Friday, July 22, 2005

Friday Hope Blogging

I was fairly heartened by the CDC's new report on the burden of toxic chemicals found in the bodies of randomly sampled American citizens. Here's the crucial point:

Children's lead levels, associated with brain and development problems, have decreased significantly. In the early 1990s 4.4% of kids under age 5 had elevated lead levels. Today's report, which covers 1999 to 2002, found only 1.6% did.
The decrease is largely due to regulatory and clean-up efforts, of course. For decades, one of the primary sources of lead exposure was the organometallic compound tetraethyl lead, which was used as an anti-knock additive. How TEL got into gasoline is a story in itself; despite the medical consensus on the hazards of lead in general and organic lead in particular, the industry successfully painted the issue as one of "progress." Lead was the guardian of America's health, and TEL was "an apparent gift from God." The epidemic of hallucinations and delerium among TEL workers was handled with typical aplomb by Standard Oil's chief chemist, who said "These men probably went insane because they worked too hard."

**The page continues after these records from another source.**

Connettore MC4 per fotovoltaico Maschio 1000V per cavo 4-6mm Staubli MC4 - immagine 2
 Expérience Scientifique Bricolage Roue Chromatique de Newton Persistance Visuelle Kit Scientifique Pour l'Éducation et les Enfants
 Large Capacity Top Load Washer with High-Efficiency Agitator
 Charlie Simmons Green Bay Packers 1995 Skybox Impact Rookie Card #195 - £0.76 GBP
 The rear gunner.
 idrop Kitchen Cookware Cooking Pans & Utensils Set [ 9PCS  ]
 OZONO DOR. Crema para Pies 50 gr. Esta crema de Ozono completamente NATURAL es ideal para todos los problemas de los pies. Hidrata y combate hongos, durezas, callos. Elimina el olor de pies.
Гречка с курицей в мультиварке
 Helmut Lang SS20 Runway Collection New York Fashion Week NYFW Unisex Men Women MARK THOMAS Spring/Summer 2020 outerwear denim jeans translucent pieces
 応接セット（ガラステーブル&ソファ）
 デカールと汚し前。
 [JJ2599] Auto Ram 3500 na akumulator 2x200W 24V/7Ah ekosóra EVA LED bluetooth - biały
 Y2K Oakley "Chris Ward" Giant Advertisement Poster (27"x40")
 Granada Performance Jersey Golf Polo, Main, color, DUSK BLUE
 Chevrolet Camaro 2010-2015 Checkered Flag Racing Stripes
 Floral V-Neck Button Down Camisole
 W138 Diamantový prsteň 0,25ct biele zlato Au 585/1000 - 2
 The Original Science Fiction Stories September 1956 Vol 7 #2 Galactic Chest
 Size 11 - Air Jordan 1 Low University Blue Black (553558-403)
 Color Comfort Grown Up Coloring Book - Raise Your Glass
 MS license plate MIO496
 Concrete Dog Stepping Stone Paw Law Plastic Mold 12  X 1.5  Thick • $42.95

In the ensuing years, we put about 7 million metric tons of lead into our gasoline. By 1982, leaded gasoline accounted for almost 90 percent of lead in the atmosphere. However, as we phased TEL out, blood lead levels dropped dramatically within a remarkably short period of time. If the current decrease doesn't seem like much, bear in mind that between 1976 and 1991, the incidence of elevated blood lead levels dropped from 77.8 percent to 4.4 percent.

A similar regulatory and clean-up effort for mercury could have equally dramatic results, which is why efforts like this are well worth supporting:
A group of 32 mostly Democratic senators acted last week to force a floor vote on a resolution that would overturn an EPA rule establishing a cap-and-trade program to reduce mercury emissions from coal-fired power plants. Sen. Patrick Leahy (D-Vt.) introduced the resolution last month under a 1995 law that allows Congress to overturn final agency rules with a majority vote.